Page 22 of Yours to Break

I straightened my spine, hopefully portraying the confidence I desperately needed, and rang the doorbell.

Hearing shuffling on the other side, I braced myself for a fight. The door opened, revealing a nervous-looking Lane. Exhaling deeply, I pushed past him into the foyer; my eyes frantically scanned the open area for his captor.

“Where the fuck is that bastard?” I yelled, mustering up courage, my hands clenching rhythmically at my sides. Lane was silent, placing a gentle hand on my shoulder.

“Greyson’s at work, so it’s just me home,” he mumbled faintly, rubbing his chest like it hurt.

“He left you alone?”

“Yeah… Um, he started going back to work, so it’s just me for most of the day.”

“We’re getting you out of here right now!” I tried tugging him towards the door, but he dug his feet into the floor and wriggled out of my grasp.

“No! I don’t want to leave, Ollie. Besides, all my stuff and Chloe are here. Please, just let me try to explain–please,” he begged. “Come on, he made snacks for us. Please!”

I grimaced, wondering if this was all an elaborate plan to drug and then murder me. “I’m not eating or drinking anything until you try it first.”

Why wasn’t he running with me already? We needed to go before Greyson returned from wherever he was. We didn’t have time for this.

Sitting on the couch, Lane walked me through his relationship with Greyson. Nausea was ever present throughout his story. It was so glaringly obvious that Greyson had abused his power as Lane’s therapist to groom him into having a sexual relationship.

I fought back tears as I listened to my friend.

“Fuck. Lane, do you even hear yourself? He literally told you point-blank that he manipulates you. You haven’t been outside in like two weeks! He controls everything from your diet, your hygiene, your clothes. I’m your best friend, Lane. Please, I’m begging you to think for yourself and realize how fucked up this all is. He was your fuckingtherapist, Laney. None of this is okay!” I shouted, unable to keep from crying any longer.

“It’s not like that, Ollie. I really like him, and he loves me.”

I scoffed, frustrated that he couldn’t see what I saw, “He doesn’t love you, Lane. He’s abusing you. You’re just too blind to see it since he’s giving you attention.” I didn’t mean that last part—at least, I didn’t mean it the way it sounded. It wasn’t his fault; this was the result of being brainwashed by his therapist, and I couldn’t take it.

I saw from the beginning that something was wrong with Greyson. Sure, I warned Lane several times about it, but I could’ve done more.

I should have done more.

“Don’t say that!” He choked out.

“Is this how you were with your cousin?” Oh my god, why had I said that?
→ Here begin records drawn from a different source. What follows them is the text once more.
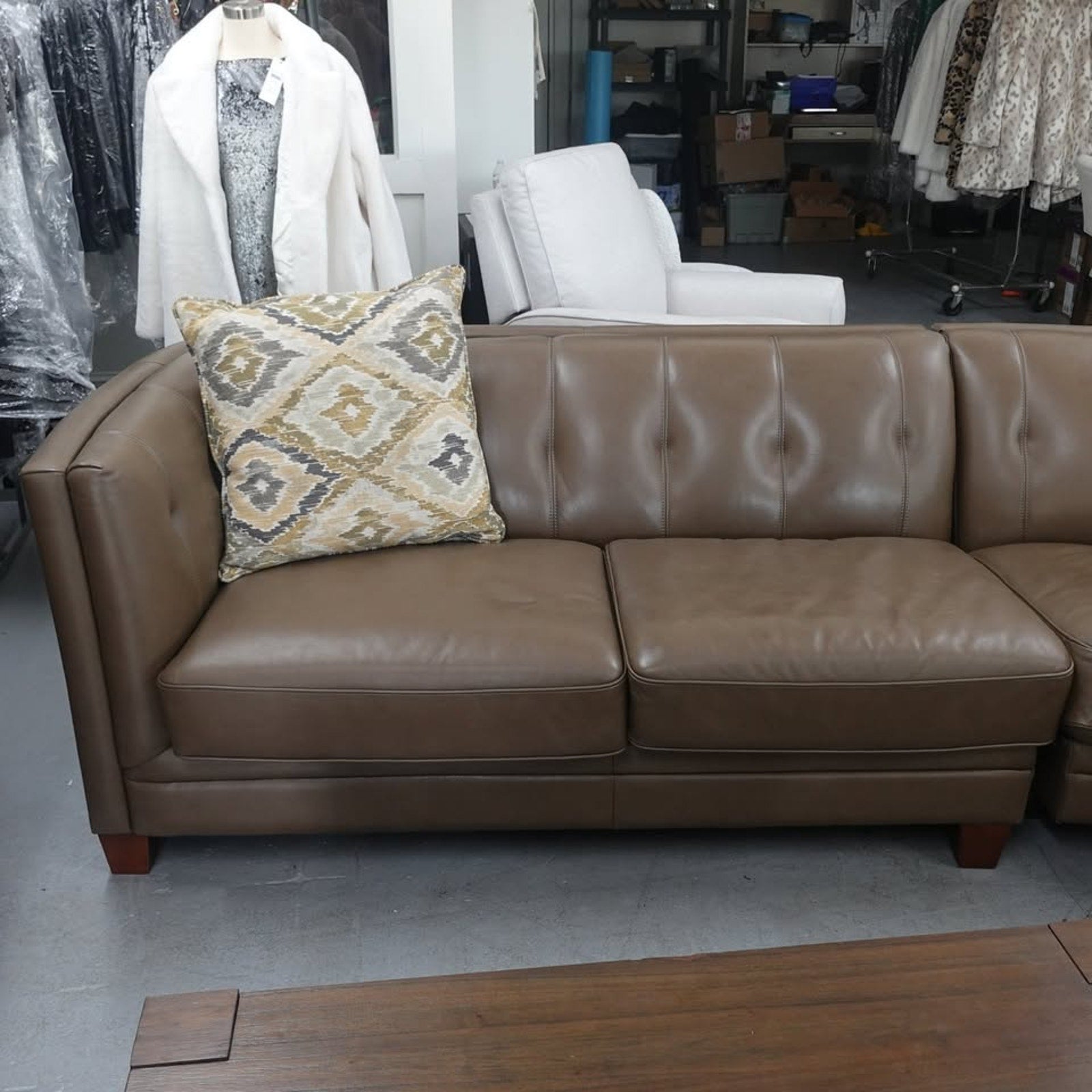 Bellevue Top Grain Leather 3 piece Sectional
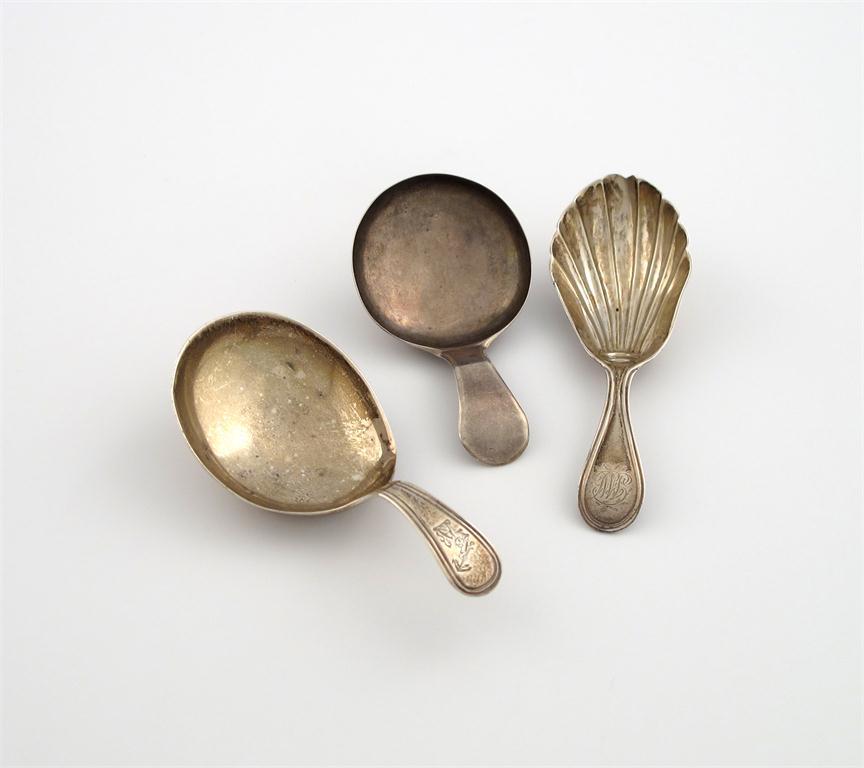 Appraisal: A George III silver Old English Thread pattern caddy spoon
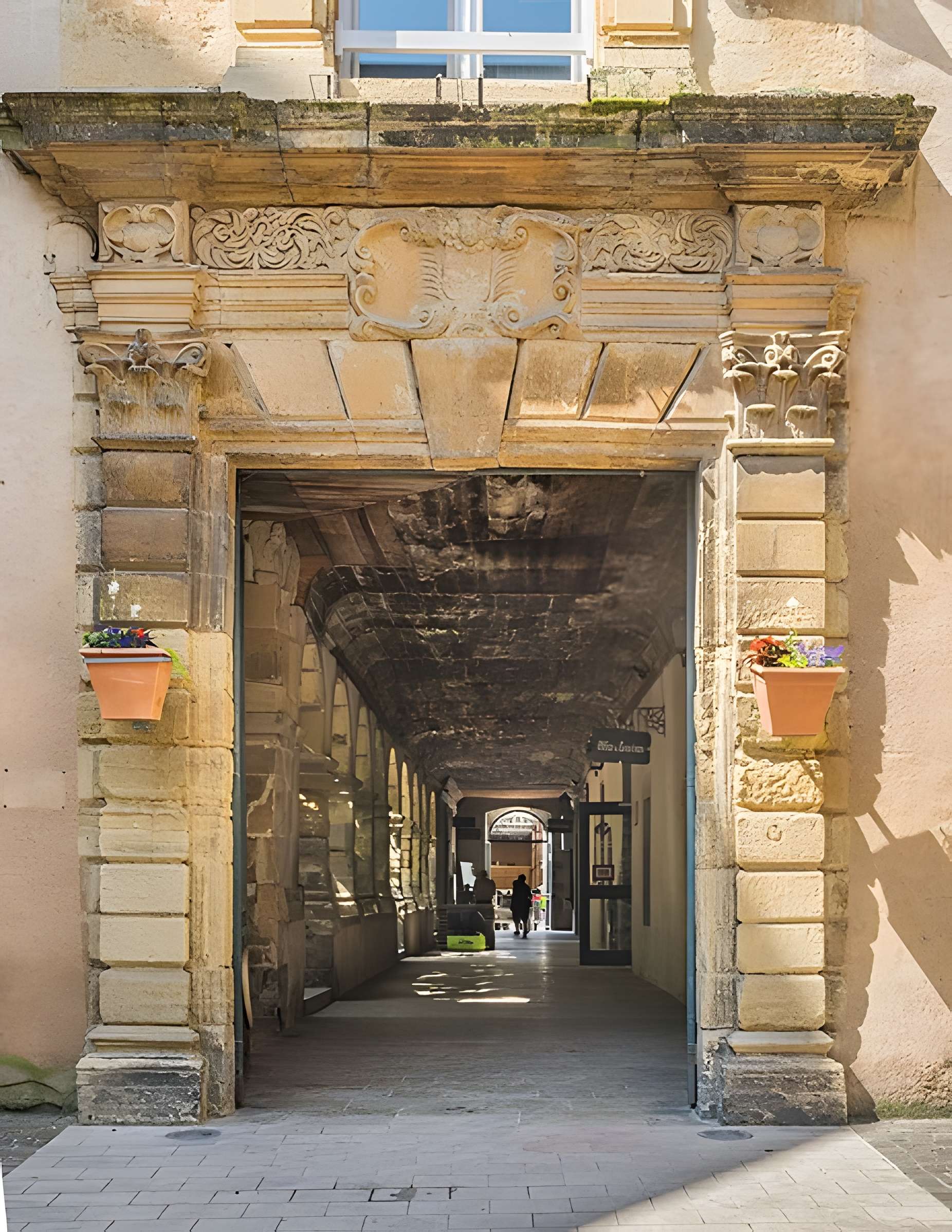 Couvent des Pénitents de Saint-Geniez-d'Olt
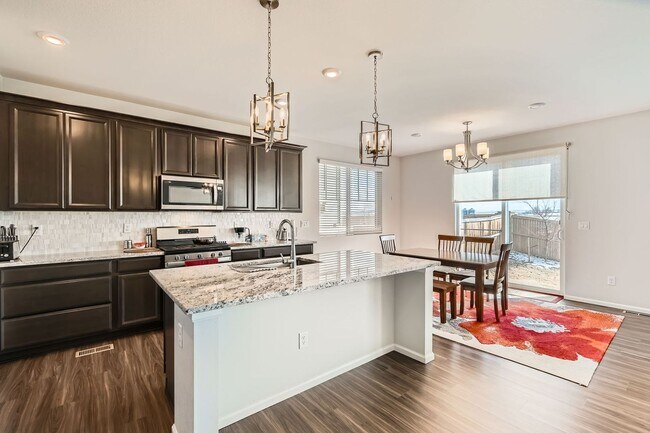 Building Photo - 395 Western Sky Cir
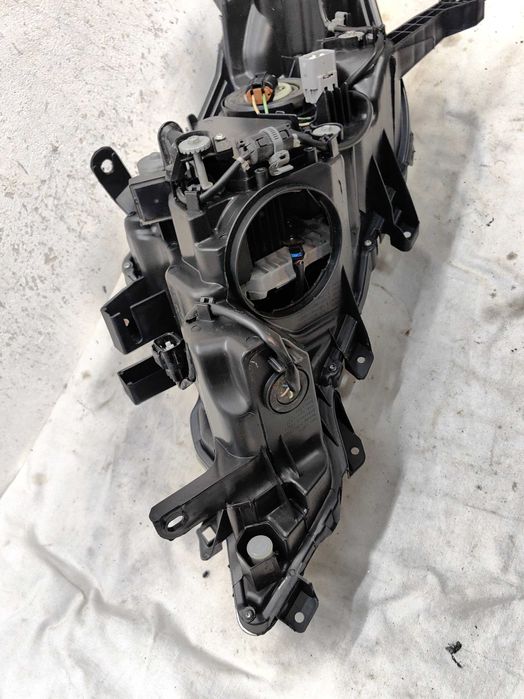 Оригинален фар  Toyota Land Cruiser Prado J150 Full Led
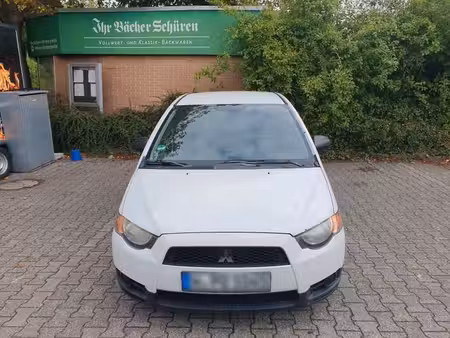 Mitsubishi Colt 1.3 95 Invite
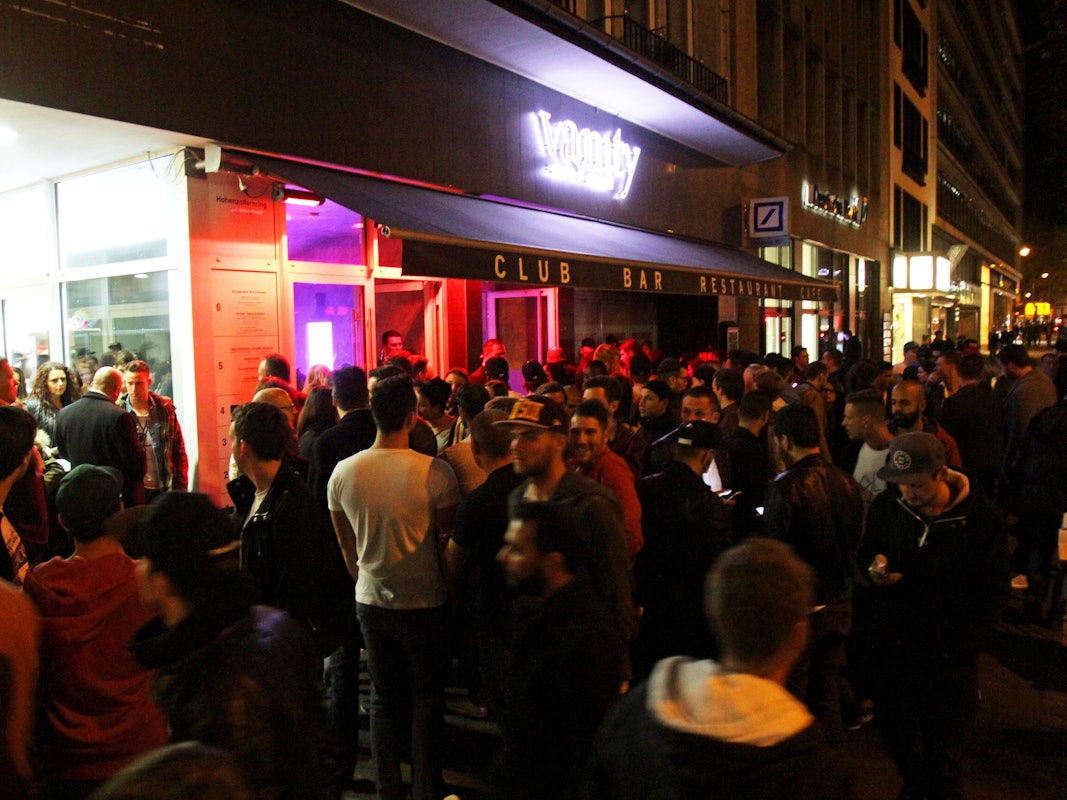 Menschen vor dem Club Vanity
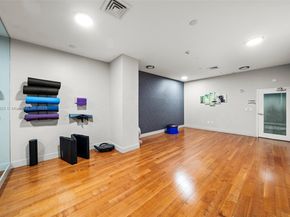 600 NE 27th St 3105, Miami FL 33137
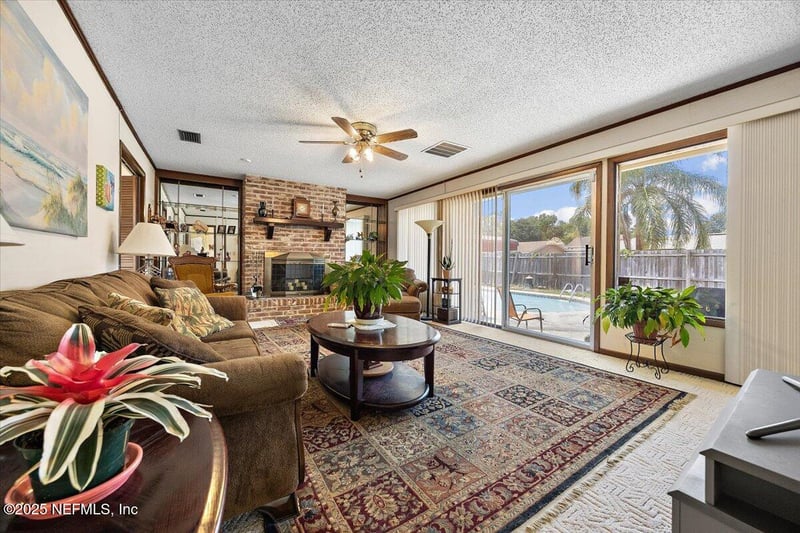 4324 Charleston Ln, Jacksonville, FL 32210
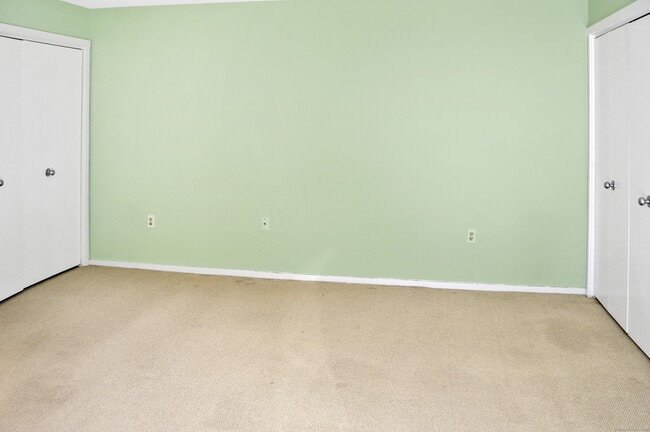 Building Photo - 106 Mallard Dr
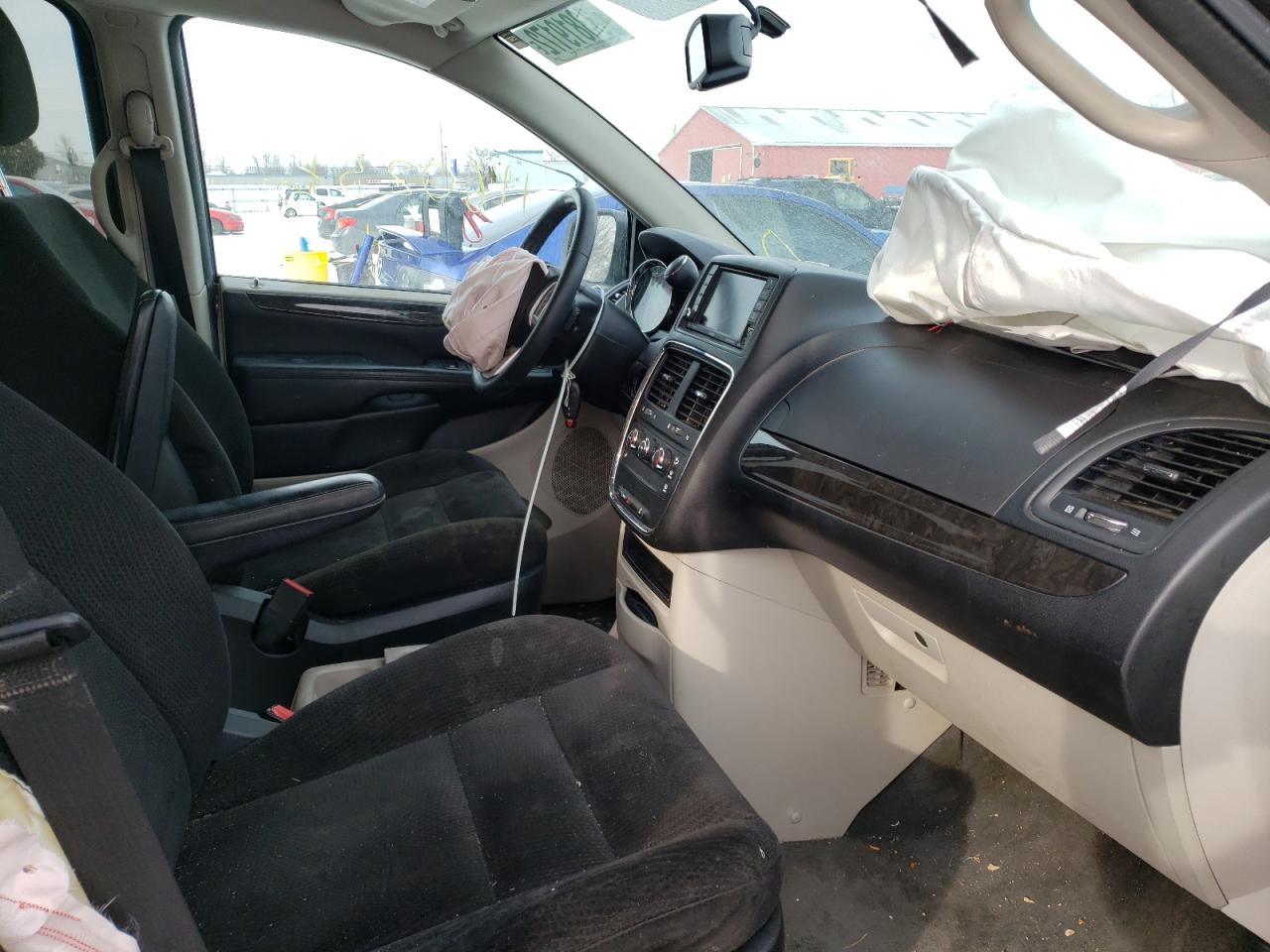 Photo 5 from auction – 2015 DODGE GRAND CARA with VIN 2C4RDGBG4FR581046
No, no, no, no.I didn’t mean that. What was wrong with me? It was like my brain and mouth weren’t wired correctly. I needed to calm down; I needed to backtrack. I needed to apologize and drag him out of this fucking cage. To my most profound regret, my mouth still didn’t pick up the signal from my brain, and it was like vicious word vomit spewing out of my mouth.

“What?” Lane looked like I had punched him in the gut. And yet, like the garbage I was, I continued hurting him.

Stupid. Stupid. Stupid.

“I’m not dumb. I know you used to fuck him.” I mean, I had guessed a while ago, after putting together the pieces of the story that Lane probably unknowingly gave me. “He probably just told you that incest is okay, and you smiled and went along with it. Greyson is exactly the same.”

“Greyson isn’t like him,” Lane trembled, breaking my heart.

Finally, my mouth connected to my brain, and I cried, “I’m sorry. I didn’t mean to say it like that. I just… I’m so scared for you, Laney. Please… just listen to what I’m about to say, please.”

“Okay…” Lane looked apprehensive—as he should’ve after I all but spit on him. I just needed to get him out of here. I felt like we were running out of time. The seconds ticked by in my head, sounding like a countdown to both of our demise.

I steadied myself, taking a deep breath. I didn’t know how to break someone out of Stockholm Syndrome. I didn’t know how to do this. I was going to fail.

I was going to be complicit in his abuse if I left him here.

I trembled, but tried to keep my voice as steady as possible as I attempted to reason against his brainwashing. “If you stay here, he’s either going to kill you or throw you away once he gets bored. Have you even considered that he could have these kinds of relationships with other patients? He’s just using you, Lane. You’re convenient and young and easily manipulated.”

“He’s not… He’s not like that…” Lane stuttered, brows drawn together.